### [AVAILABLE DATA]

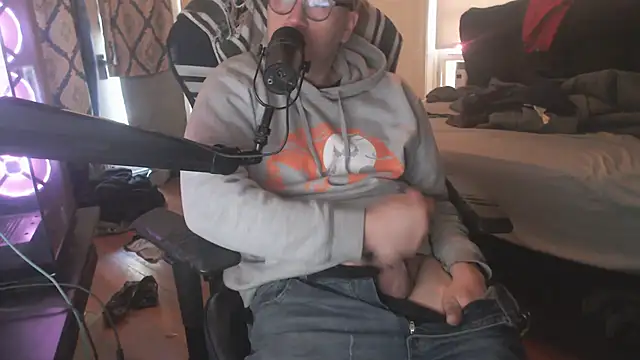chicostick413 webcam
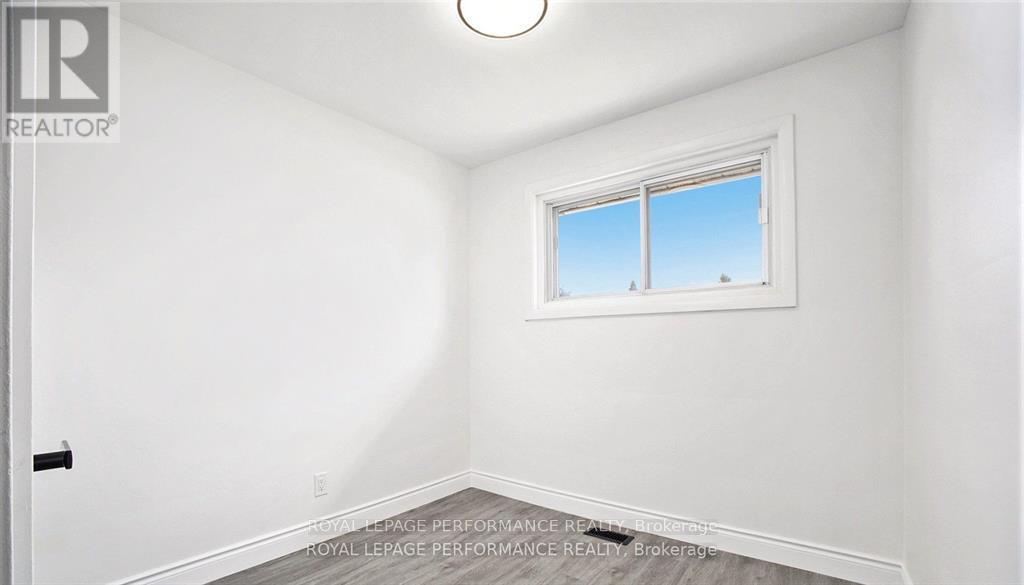 33 Majestic Drive N, Ottawa, Ontario  K2G 1C6 - Photo 15 - X12917246
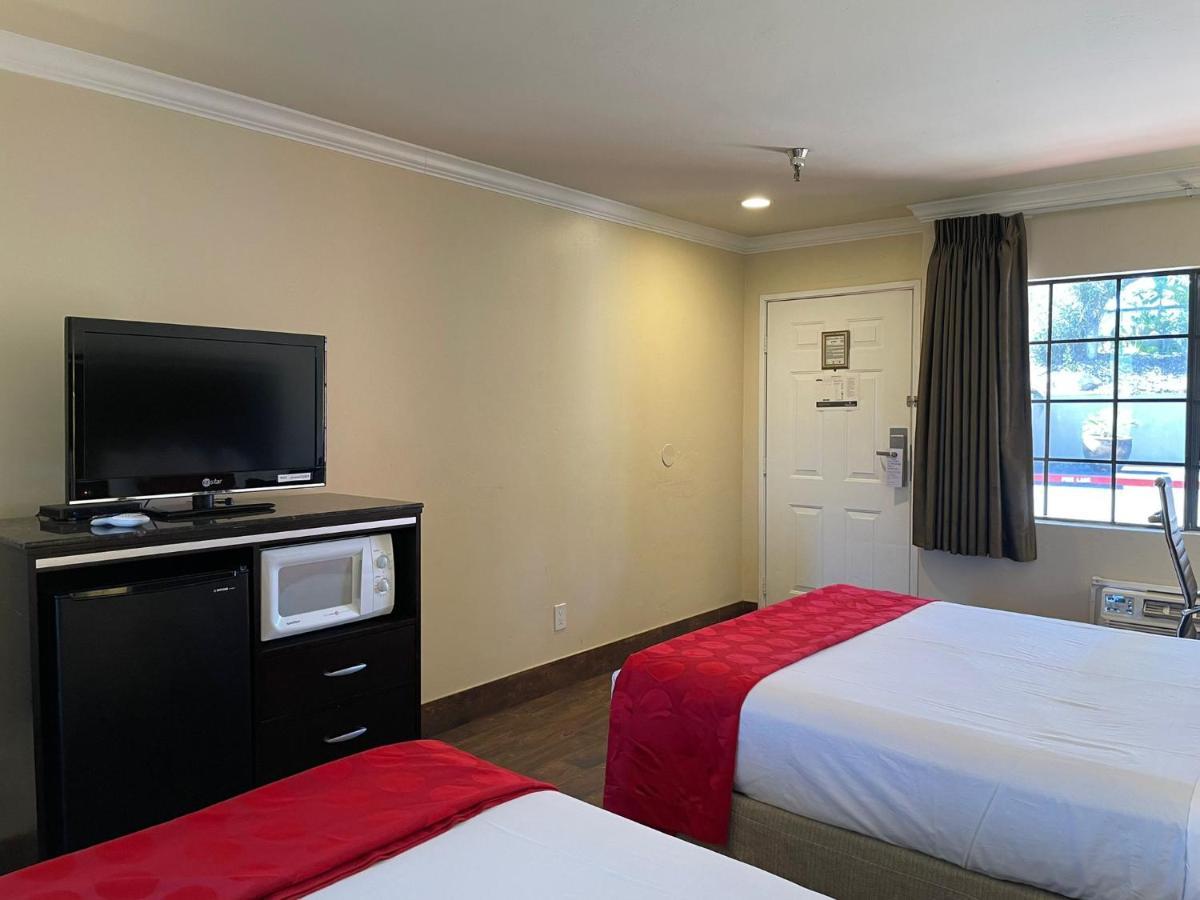 Ramada By Wyndham San Diego Poway Miramar Екстериор снимка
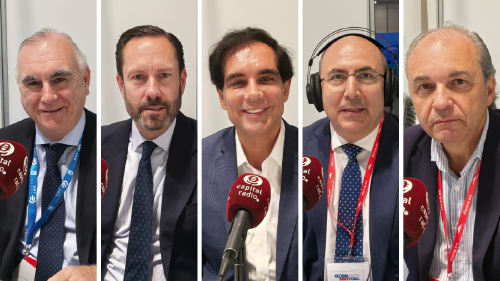 De izquierda a derecha: Alfonso Sánchez, director gerente de EMT; Valentín Alonso, director general en Avanza; Filipe Henriques, CEO de GASIB; Francisco Baeza, director de Desarrollo de Negocio de Sistem; e Ignacio Pérez Carasa, director de Relaciones Institucionales de ALSA. De izquierda a derecha: Alfonso Sánchez, director gerente de EMT; Valentín Alonso, director general en Avanza; Filipe Henriques, CEO de GASIB; Francisco Baeza, director de Desarrollo de Negocio de Sistem; e Ignacio Pérez Carasa, director de Relaciones Institucionales de ALSA.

### [THE PROBLEM]
The data above should be repeated in full and exactly, with no pictures carried over.

### [EXERCISE RESPONSE]
chicostick413 webcam
 33 Majestic Drive N, Ottawa, Ontario  K2G 1C6 - Photo 15 - X12917246
 Ramada By Wyndham San Diego Poway Miramar Екстериор снимка
 De izquierda a derecha: Alfonso Sánchez, director gerente de EMT; Valentín Alonso, director general en Avanza; Filipe Henriques, CEO de GASIB; Francisco Baeza, director de Desarrollo de Negocio de Sistem; e Ignacio Pérez Carasa, director de Relaciones Institucionales de ALSA. De izquierda a derecha: Alfonso Sánchez, director gerente de EMT; Valentín Alonso, director general en Avanza; Filipe Henriques, CEO de GASIB; Francisco Baeza, director de Desarrollo de Negocio de Sistem; e Ignacio Pérez Carasa, director de Relaciones Institucionales de ALSA.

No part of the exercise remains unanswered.